What is needed - For this exercise, copy exactly only the lines from the one containing "Round bistro table" to the final line of the material below, without the pictures.

Data for this task START

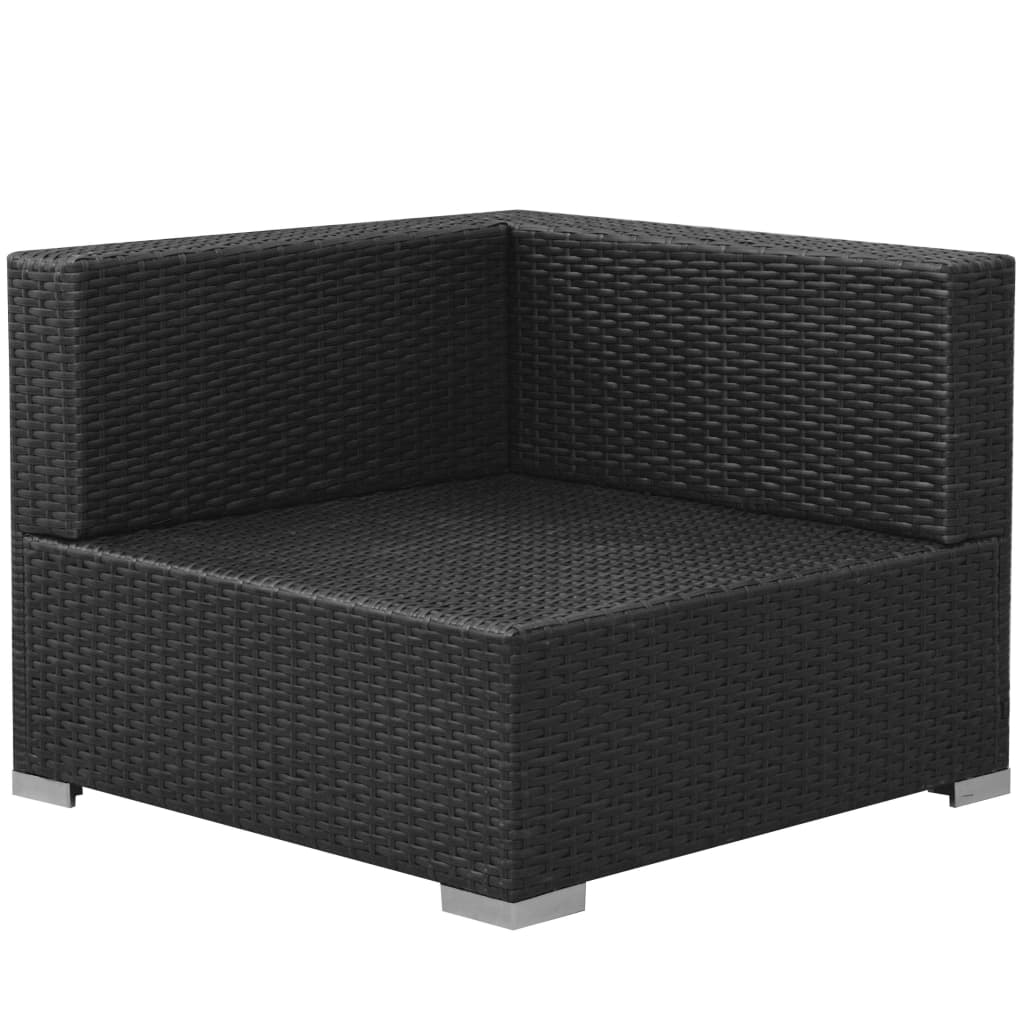 haveloungesæt 3 dele med hynder polyrattan sort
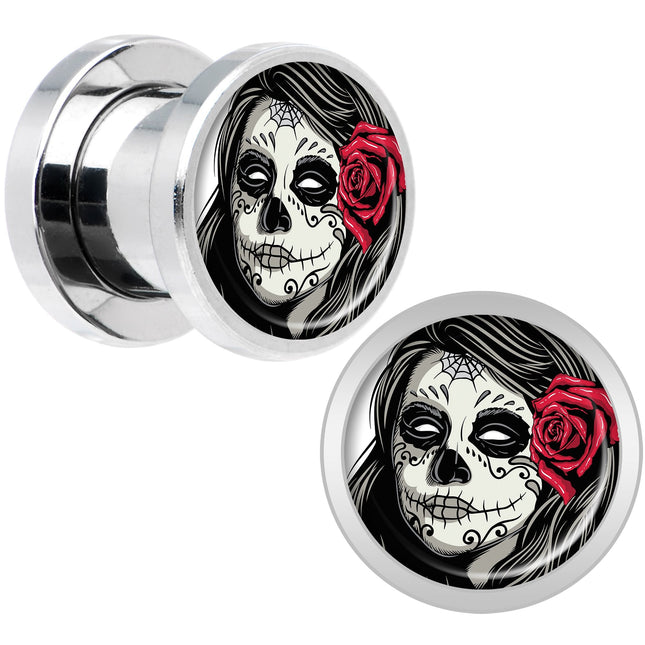 Katrina Sugar Skull with Rose Flower Steel Screw Fit Plug Set 0G
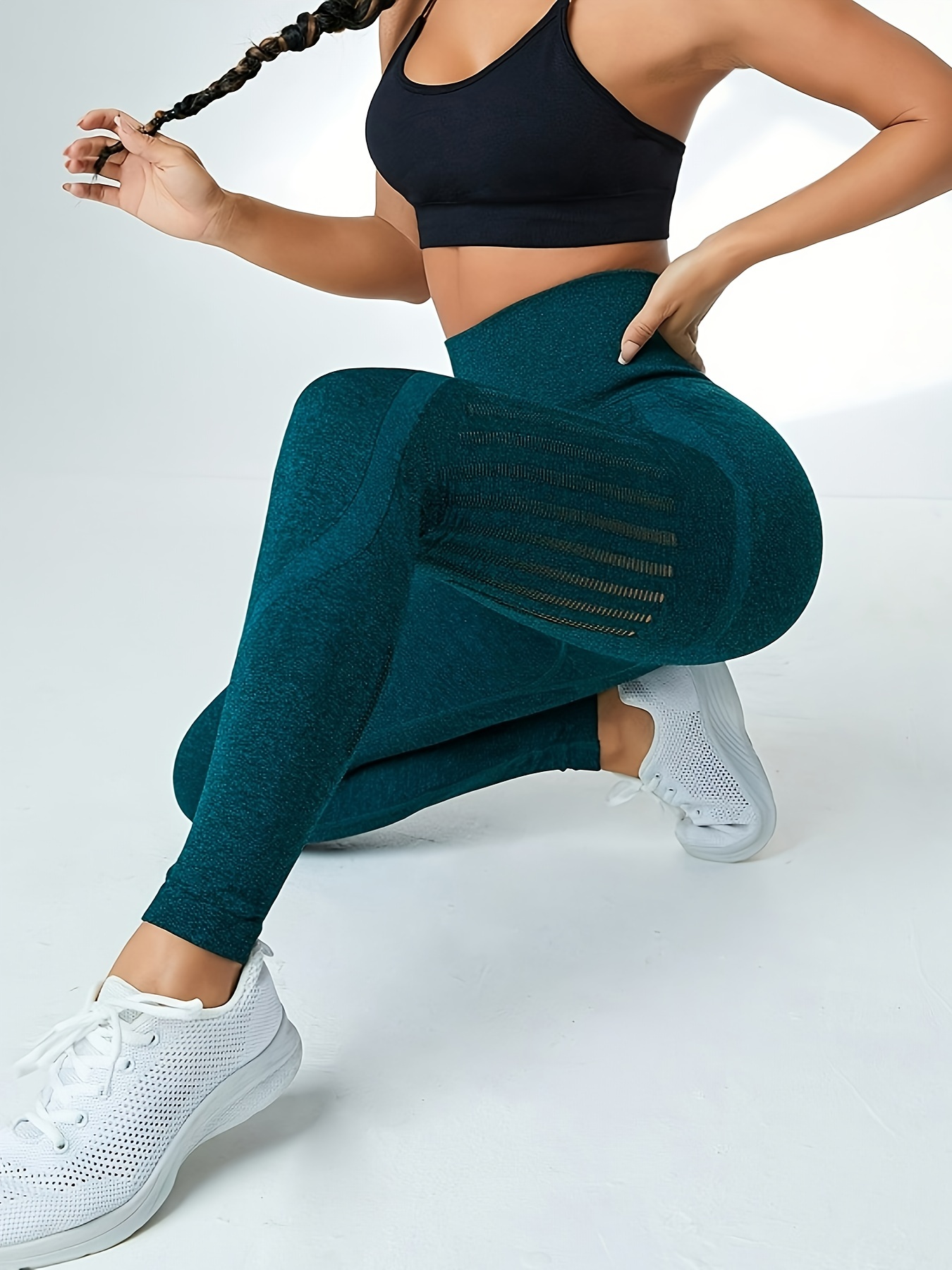 High Stretch Seamless Yoga Pant Solid Color High Waist - Temu Canada
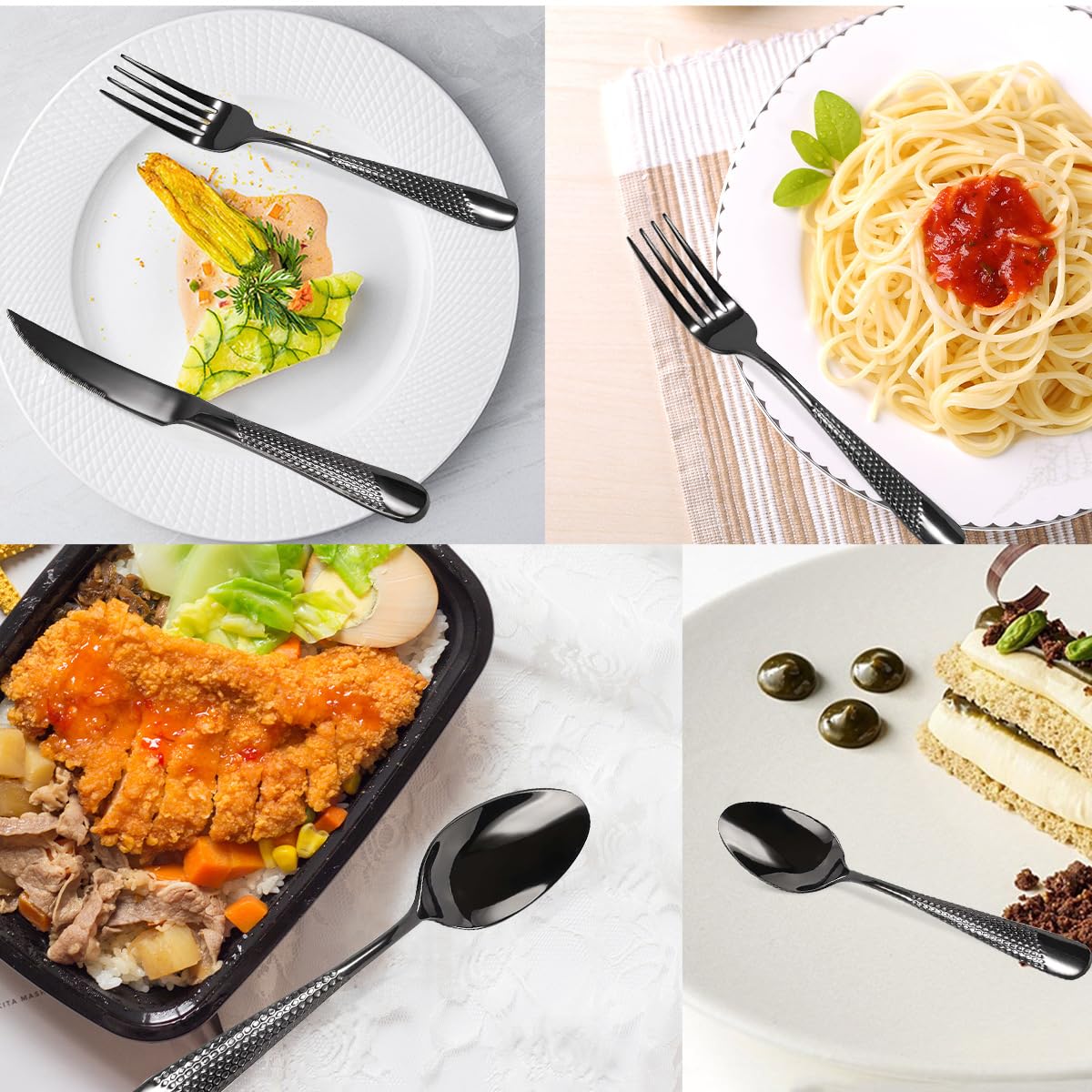 VIQWYIC Juego de cubiertos de 24 piezas, cubiertos martillados, cuchillo de acero inoxidable, tenedor, cuchara, juego de cubiertos para 6 personas, modernos cubiertos de plata para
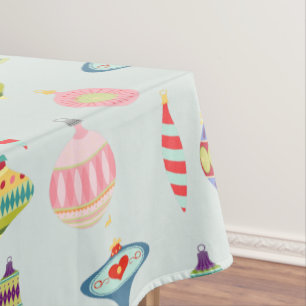 Retro Ornaments   Mid Century Modern  Brushed Poly Tablecloth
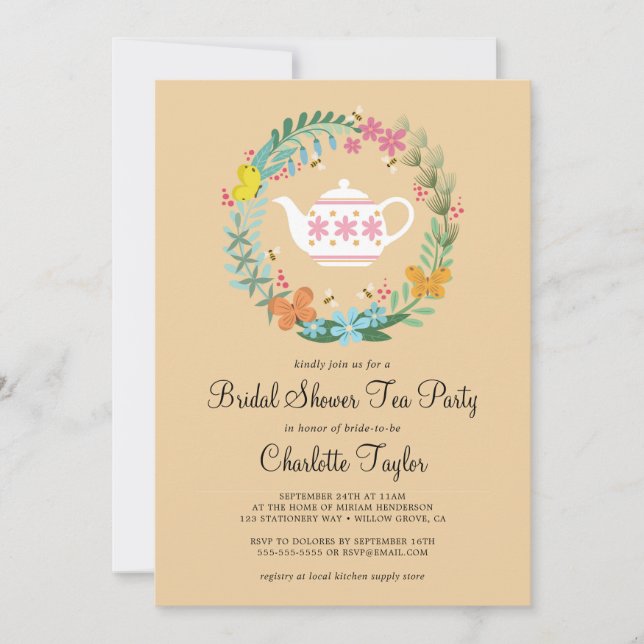 Bridal Shower Tea Party Floral Butterfly Wreath Invitation (Front)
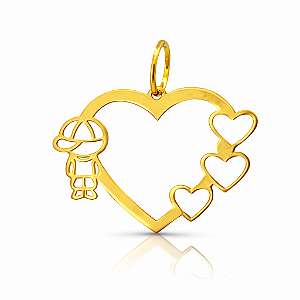 Pingente em Ouro 18K Coração com Menino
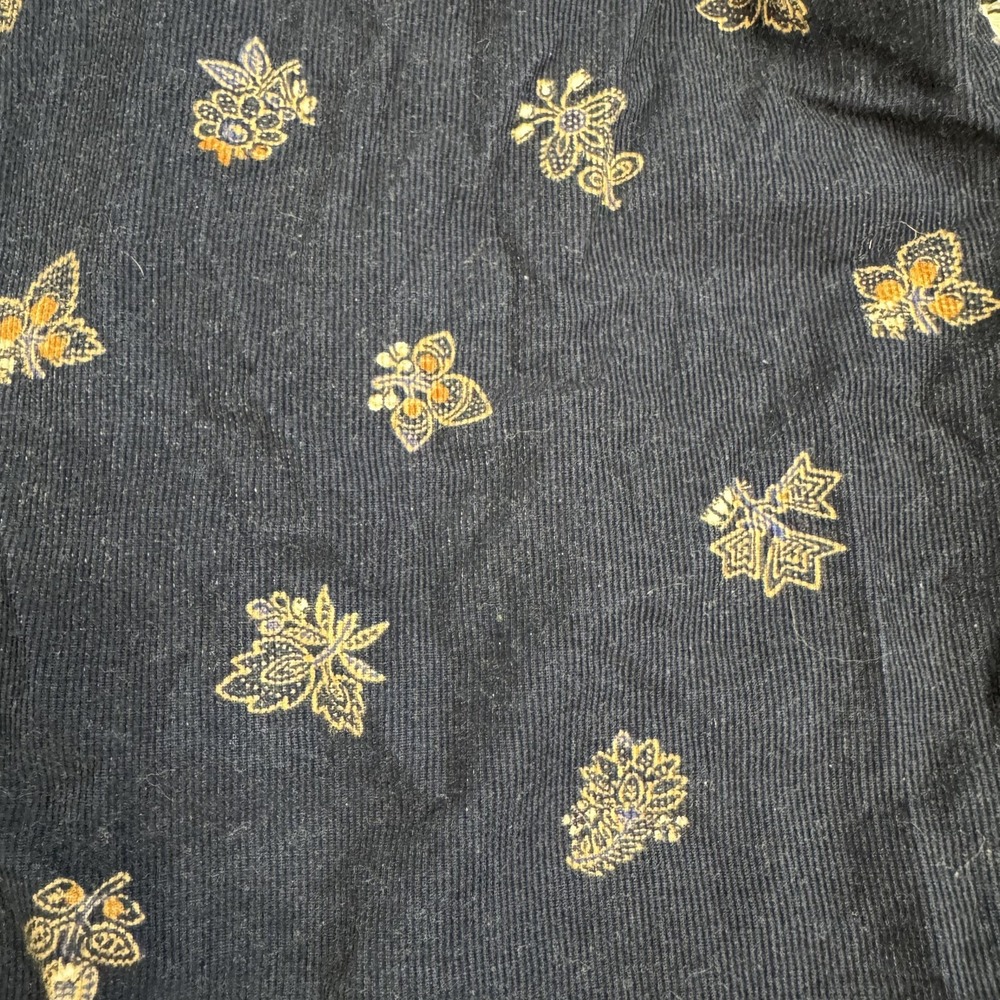 Madewell Shirt Women's Medium Corduroy Bubble Sleeve Crop Shirt Navy Blockprint - Picture 8 of 14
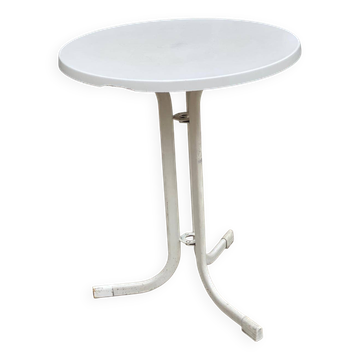 Round bistro table in wood and white steel with central tulip leg 60cm
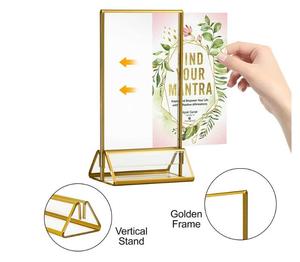 4x6 "<span class=keywords><strong>Acrylic</strong></span> đôi mặt hình ảnh dấu hiệu chủ với khung vàng và đứng dọc để hiển thị đám cưới Bảng số - Product Image 3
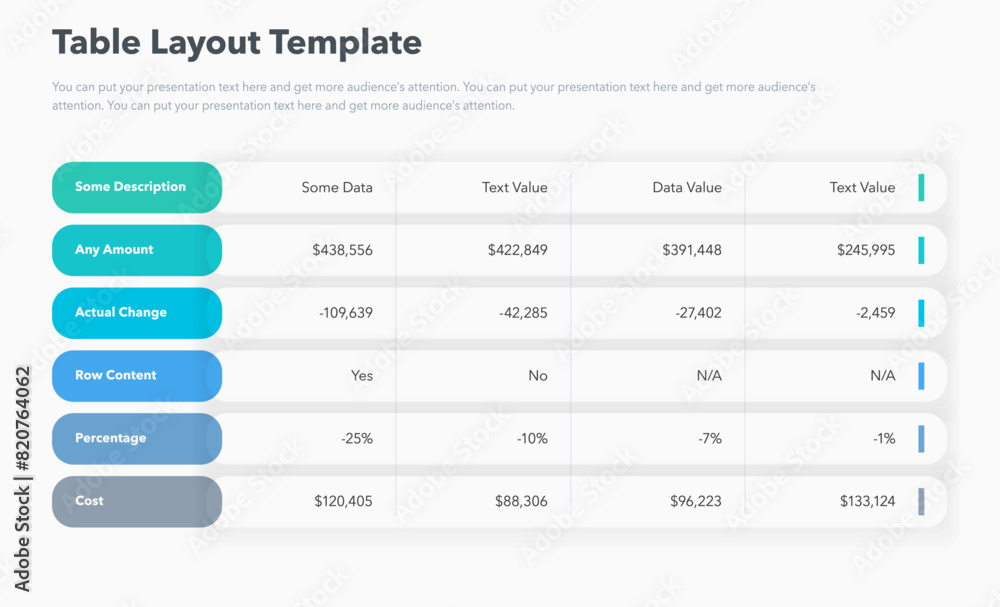 Poster Table layout template with six colorful rows. Simple flat template for project data visualization.
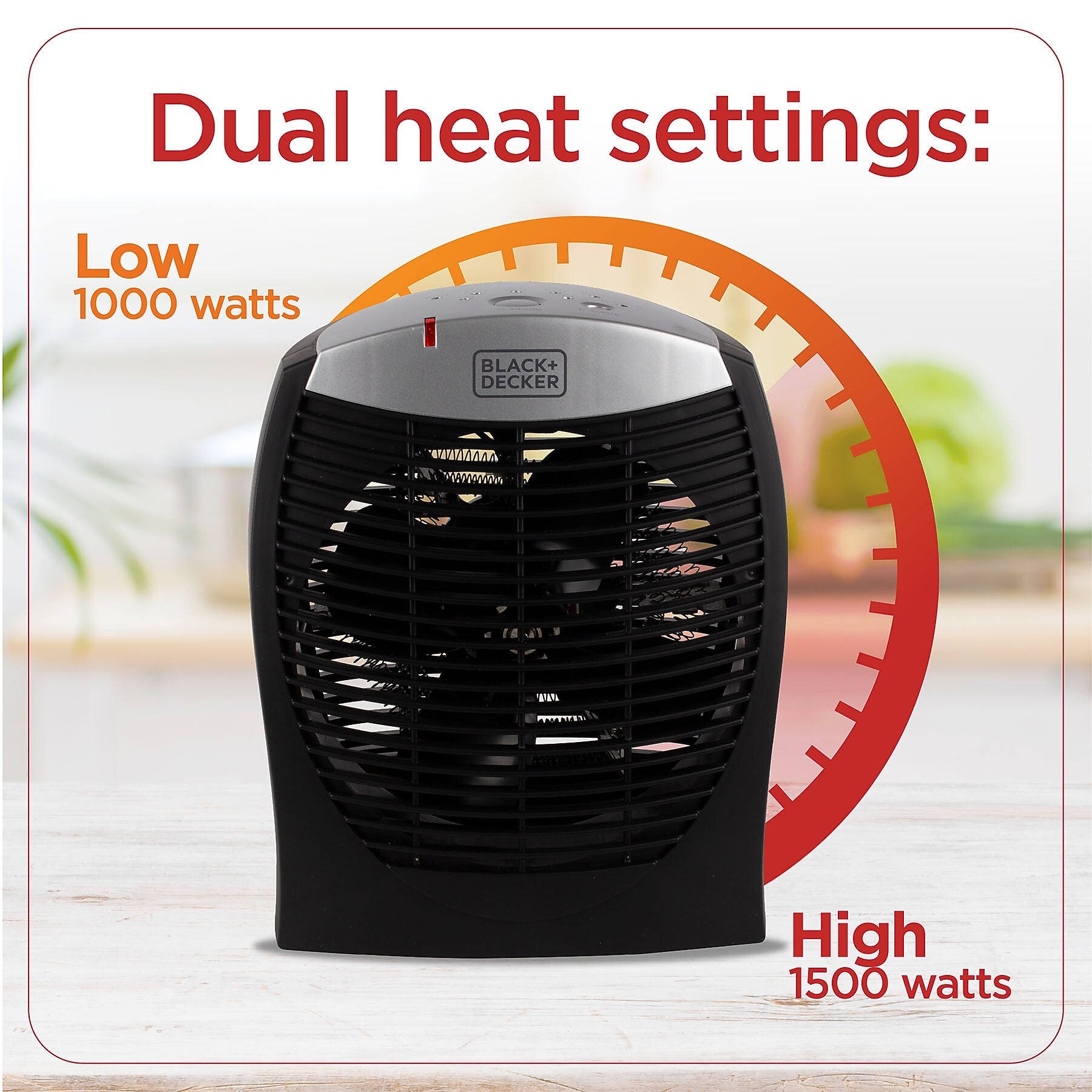Black & Decker 1500-Watt Portable Infrared Electric Heater, Black (BHDE1706)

Data for this task END

Answer for this exercise -
 Round bistro table in wood and white steel with central tulip leg 60cm
 4x6 "<span class=keywords><strong>Acrylic</strong></span> đôi mặt hình ảnh dấu hiệu chủ với khung vàng và đứng dọc để hiển thị đám cưới Bảng số - Product Image 3
 Poster Table layout template with six colorful rows. Simple flat template for project data visualization.
Black & Decker 1500-Watt Portable Infrared Electric Heater, Black (BHDE1706)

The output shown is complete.